When People Ask Writers the Wrong Question

11 Nov

Last week I wrote a blog about When Writers Ask the Wrong Question and found myself asked the wrong question as a follow-up.

I was asked: If you’re all for exploration in YA, why is your story so sweet?

First off, Yes. KISS is a sweet adult contemp. Second, Yes, all of my stories will be sweet. Third, what does that have to do with other people’s YA?

I’d start by saying that I’m not for free for alls in the YA world. There are things out there that are great books, but I wouldn’t hand to 90% of teens. But, for those 10% maybe their vital. I also wouldn’t hand sweet YAs to a lot of teens either. They’re just not interested or past that. Just because the audience that needs or wants a book is small, doesn’t mean that book shouldn’t be written. Sometimes, it means it should be written.

Teens (if you’ve bothered to talk to one lately) are individuals just like adults are individuals. They are not a Mass Group of Cyborgs. They have different tastes, needs and things they enjoy. And so, books for teens should be different, just like books for adults.

As for my books, I love Romance and Rom Coms and Chick Lit and Humourous Women’s Fiction and whatever else we’re calling these books at the moment. But, sometimes I max out on the sex! sex! sex! in some of them. Sometimes I want more than the how-fast-can-we-find-a-flat-surface I often feel bombarded with. Sometimes I just want the sweet part of falling in love.

And so the real question has nothing to do with what’s going on in YA. It has to do with what’s going on with me as a writer. I write sweet because I wish there was more of it. Because I think sweet is a great source of love. Because I don’t think sex is needed to fall in love. Because I think friendship and respect and laughter are great foundations for love.

Is hot sex to follow? Boy, I hope so. Do I need to write that to tell the stories I tell? Not really.

I’m a strong believer in “if it isn’t needed to move the story forward, then it isn’t needed” and that’s where my stories fall. That doesn’t mean my characters are dull or passionless. It just means you don’t get to spend time with them naked.

And seriously, naked strangers are typically just weird anyway, right?

~~Caitie~~

3 Responses to “When People Ask Writers the Wrong Question”

  1. melanie_unabridged November 12, 2012 at 1:28 am #

    I like the way Tamora Pierce handles sex in her Tortall books, it happens, it’s normal, it’s acceptable, and most importantly it’s 100% safe (yay for fantasy perfection). I took a cue from her and used those same ideas in my WIP. The sex I use is to show a difference in the relationships of my main characters but also because teenagers have sex so having couples in my WIP that don’t would be unrealistic.

    • Caitie Quinn November 12, 2012 at 10:49 am #

      Those are two great examples. In Tortall the teens are adults. It’s a different scope of understanding around sex. Teens today definitely are having sex, so ignoring that factor is short/narrow-sighted.

      My one thing seems to be that some YA books make it look like ALL teens are having sex.
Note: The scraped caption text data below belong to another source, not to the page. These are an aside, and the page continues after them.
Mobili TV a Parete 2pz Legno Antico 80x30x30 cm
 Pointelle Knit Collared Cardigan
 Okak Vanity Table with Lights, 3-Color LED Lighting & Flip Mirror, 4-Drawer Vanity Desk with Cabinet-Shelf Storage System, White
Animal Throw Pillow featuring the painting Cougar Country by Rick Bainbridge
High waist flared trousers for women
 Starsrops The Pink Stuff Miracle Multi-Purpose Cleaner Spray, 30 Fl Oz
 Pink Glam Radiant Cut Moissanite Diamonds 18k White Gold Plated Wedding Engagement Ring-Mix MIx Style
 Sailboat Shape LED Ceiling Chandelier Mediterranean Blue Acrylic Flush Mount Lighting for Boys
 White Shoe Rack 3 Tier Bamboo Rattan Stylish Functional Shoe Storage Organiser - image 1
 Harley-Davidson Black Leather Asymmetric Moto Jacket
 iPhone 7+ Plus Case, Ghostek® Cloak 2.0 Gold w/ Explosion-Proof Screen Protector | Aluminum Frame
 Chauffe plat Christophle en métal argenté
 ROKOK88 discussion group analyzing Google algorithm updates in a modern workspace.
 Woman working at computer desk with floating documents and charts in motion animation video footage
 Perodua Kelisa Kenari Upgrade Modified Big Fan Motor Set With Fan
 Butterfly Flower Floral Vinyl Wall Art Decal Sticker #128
Being really active in teen’s lives I know this just isn’t true. I also know from talking to several girsl (and even some boys) that the books and media make them feel like they SHOULD be having sex. That they’re literally the only ones and that there’s something wrong with them. It’s a hard narrow line to walk to find reality. If you don’t deal with sex it’s not realistic. If everyone is having sex, it’s not realistic. It’s a struggle.

      • melanie_unabridged November 12, 2012 at 6:04 pm #

        Yes, yes, and yes! I agree. I am in graduate school for teaching and spend every day in the classroom. I think teenagers need information and support in their decisions.